**GIVEN INFORMATION:**
━━━━
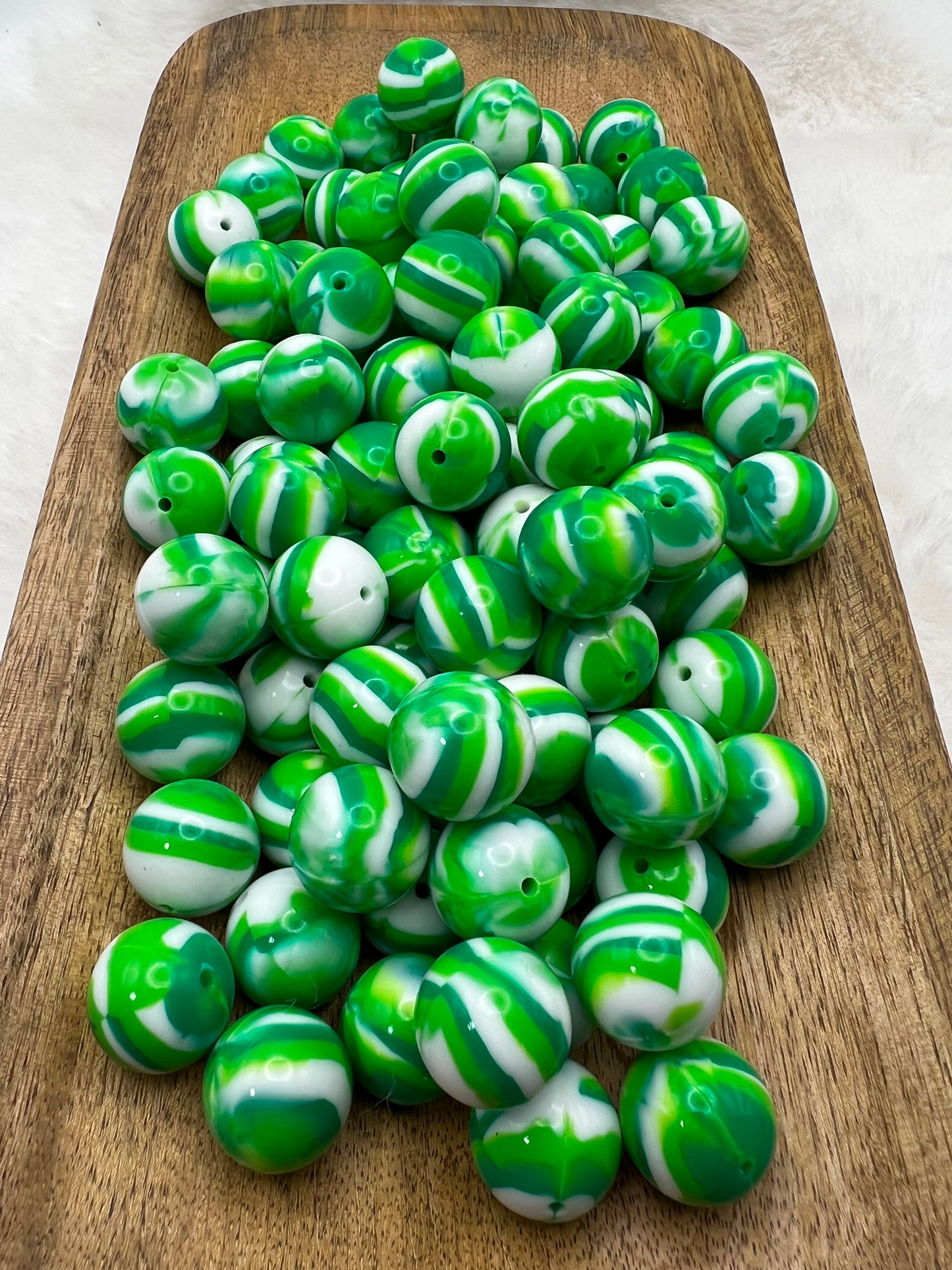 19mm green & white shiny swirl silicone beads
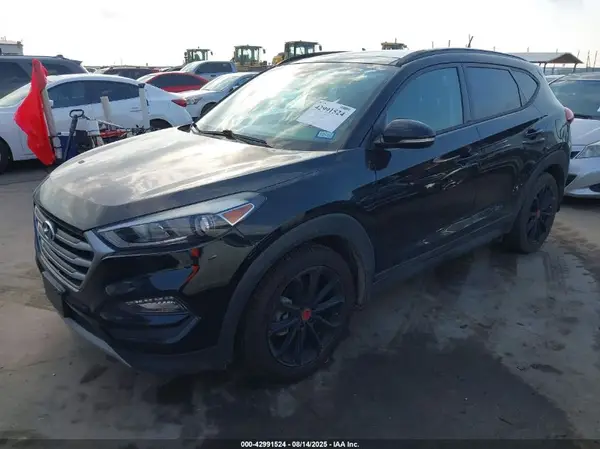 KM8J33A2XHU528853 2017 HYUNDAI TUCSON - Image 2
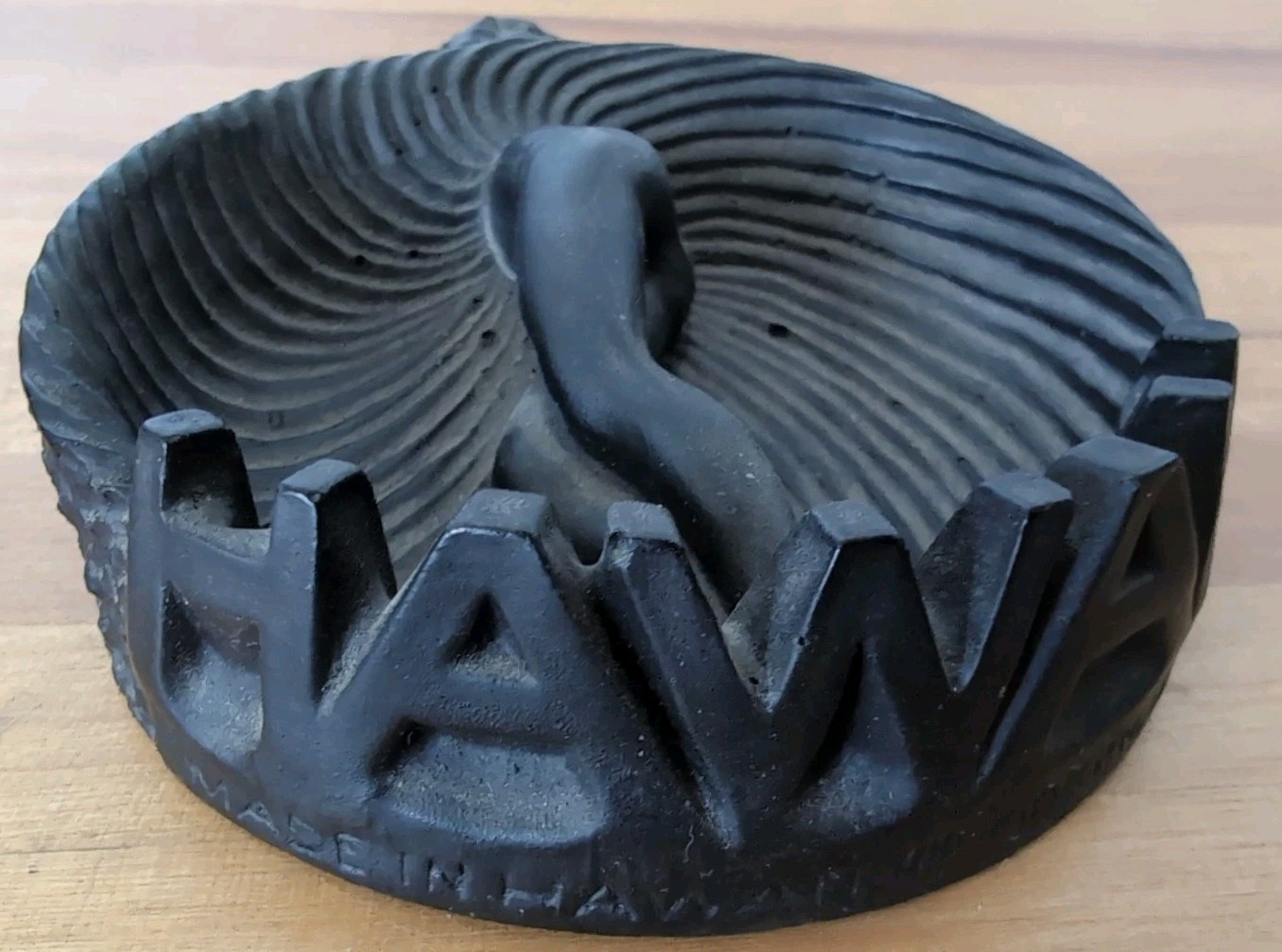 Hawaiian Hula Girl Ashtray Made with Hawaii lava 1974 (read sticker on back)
━━━━
**WORK ITEM:**
Exact copy, pictures removed: set down the whole listing above.

**REPLY TO THE EXERCISE:**
 19mm green & white shiny swirl silicone beads
 KM8J33A2XHU528853 2017 HYUNDAI TUCSON - Image 2
 Hawaiian Hula Girl Ashtray Made with Hawaii lava 1974 (read sticker on back)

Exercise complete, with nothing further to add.